India in England, 2007 July 15, 2007

Gooch backs ageing Indian stars

"He's still standing still, watching the ball and has the ability to counterattack," says Graham Gooch of Sachin Tendulkar © Getty Images

Graham Gooch, the former England captain who played his last Test at the age of 42, has urged India's experienced middle-order batsmen to convert the final phase of their careers into a "golden one", and said they still had four or five years left in them. Having watched the Indians' tour game against England Lions at Chelmsford, Gooch gushed about Sachin Tendulkar's 171 on the second day and felt there was nothing to suggest that his powers were on the decline.

Gooch scored more than half his Test runs, including 12 hundreds, after he passed the age of 35, and was the top-scorer in the 1990 and 1991 seasons. "I think the likes of Sachin, [Rahul] Dravid, [Sourav] Ganguly are all 34-35 and for me that was the golden period of my cricket," he told Cricinfo at the County Ground in Chelmsford. "My batting got better in those four or five years, so there's no reason why they can't go on."

Tendulkar has occasionally spoken of the demands that age imposes and even changed his game accordingly. While he used to attack more often in the early part of his career, he's off late preferred the more compact style, accumulating more often than blazing away. He spoke about this after his classy innings yesterday and indicated that his body dictated the way he approached an innings.

Gooch echoed the sentiment. "It [carrying on despite the growing years] depends on your desire, your fitness ... and if you haven't got the desire you aren't going to be able to remain fit. You need to work that much harder, naturally you're deteriorating and you're concentration and general sharpness disappears.
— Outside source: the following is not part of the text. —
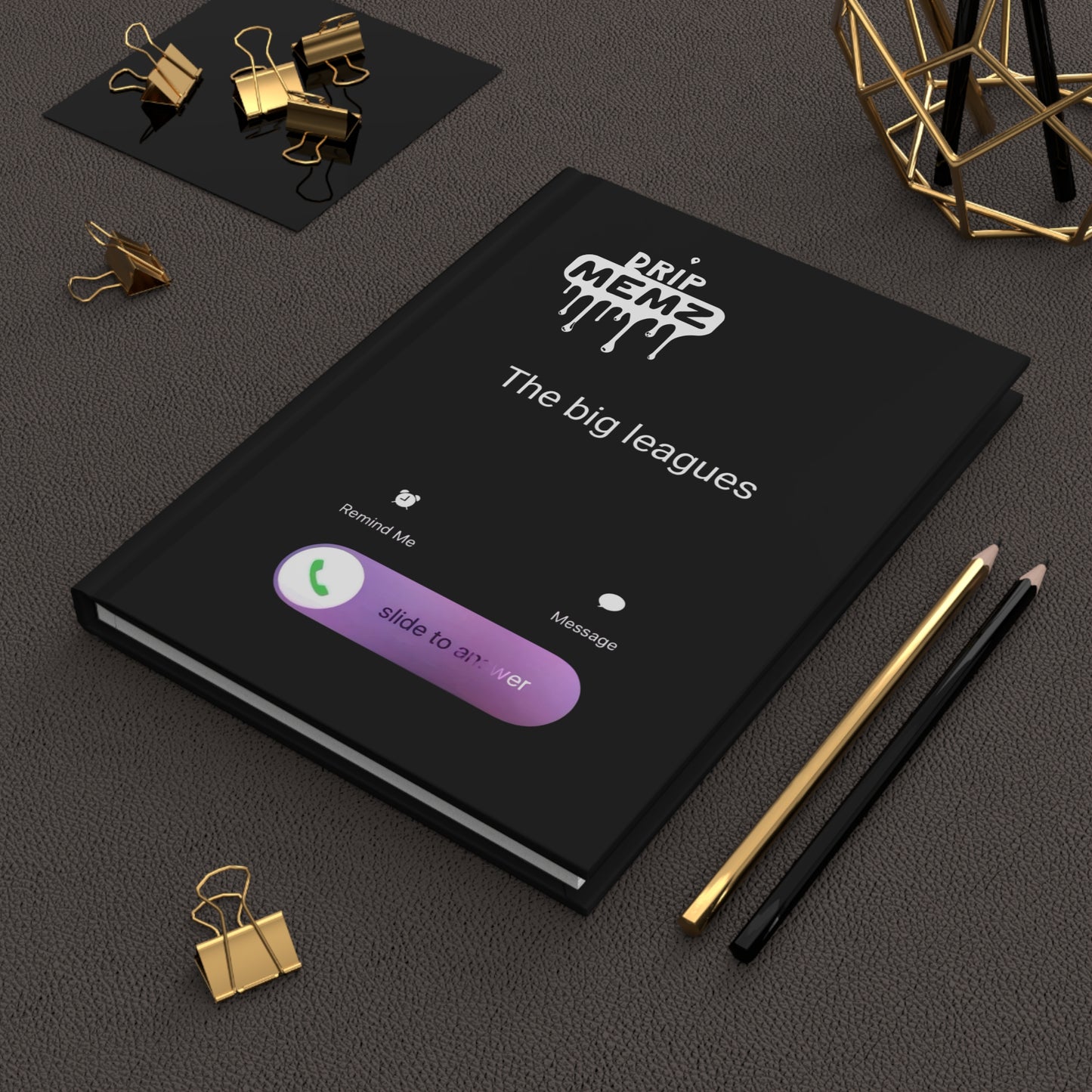 Drip Memz 'The Big Leagues' school notebook  — Matte Black Notebook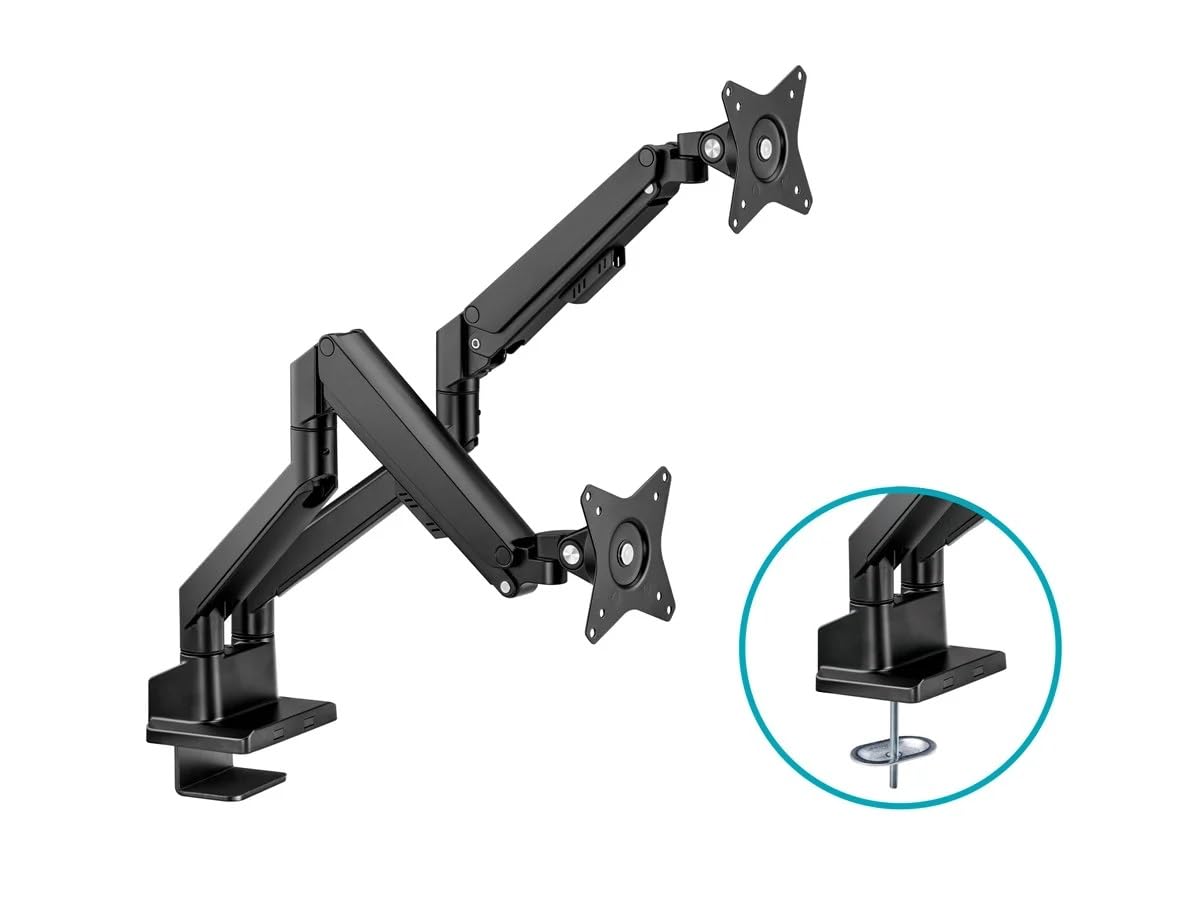 Monoprice Low Profile Dual Monitor Gas Spring Desk Mount - Up to 32in/19.8 lbs Screens, Detachable VESA 100x100/75x75 Plate, 180 Degree Wall Stop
There's no reason why they can't carry on for 4-5 years."

However, he was quick to point out that Tendulkar still possesses all the attributes. "He's still standing still, watching the ball and has the ability to counterattack. I didn't see anything yesterday to suggest his powers are on the decline. It's how much you want to keep going, whether you've got aspirations still. He'll hope he's got one last flurry over here to entertain people in this country. If he and the rest of the batsmen can put up 500-plus in their matches they're definitely going to stand a chance."

India's senior-most cricketer, though, isn't a middle-order batsman but a legspinner who will be expected to carry the attack. Gooch, who faced a bespectacled 20-year-old Anil Kumble on the 1990 tour, believes he can pull it off. "He played the second Test at Old Trafford in 1990 [when Tendulkar got his first Test hundred] and what I liked about him was his desire to take wickets. I faced Derek Underwood early in my career and they were similar with regard to the pace they bowled with. Underwood wasn't a big spinner of the ball but relied on accuracy. Same with Kumble.
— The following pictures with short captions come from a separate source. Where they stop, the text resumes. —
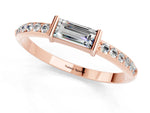 Baguette Moissanite Pavé Band in Rose gold with Bar Setting_1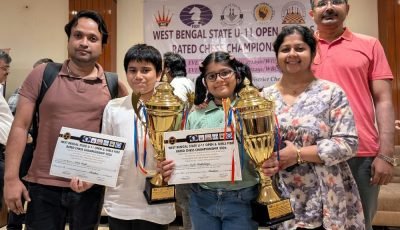 Oishik Mondal and Aryahi Bhattacharya are West Bengal State Under-11 Open and Girls 2026 Champions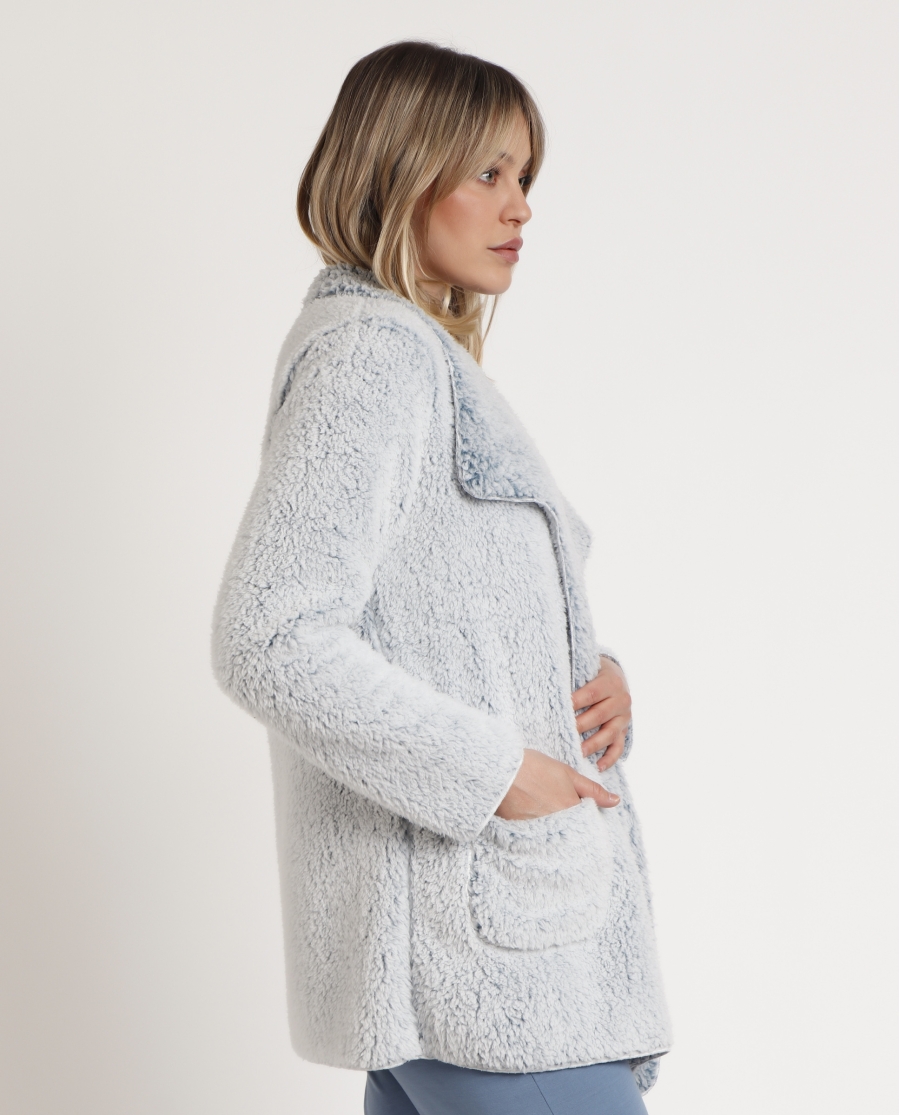 ADMAS HOME Bata Manga Larga Calentita Fluida para Mujer AZUL ADMAS HOME Bata Manga Larga Calentita Fluida para Mujer AZUL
"He'll get bounce on English pitches and that's what he mainly relies on for those catches at silly point and bat-pad. He's not a big turner like conventional spinners but his record stands the test of time. The pitches in England don't deteriorate as much these days and are tough for spinners but he doesn't rely too much on a pitch that spins square, it's the bounce that gets him wickets usually."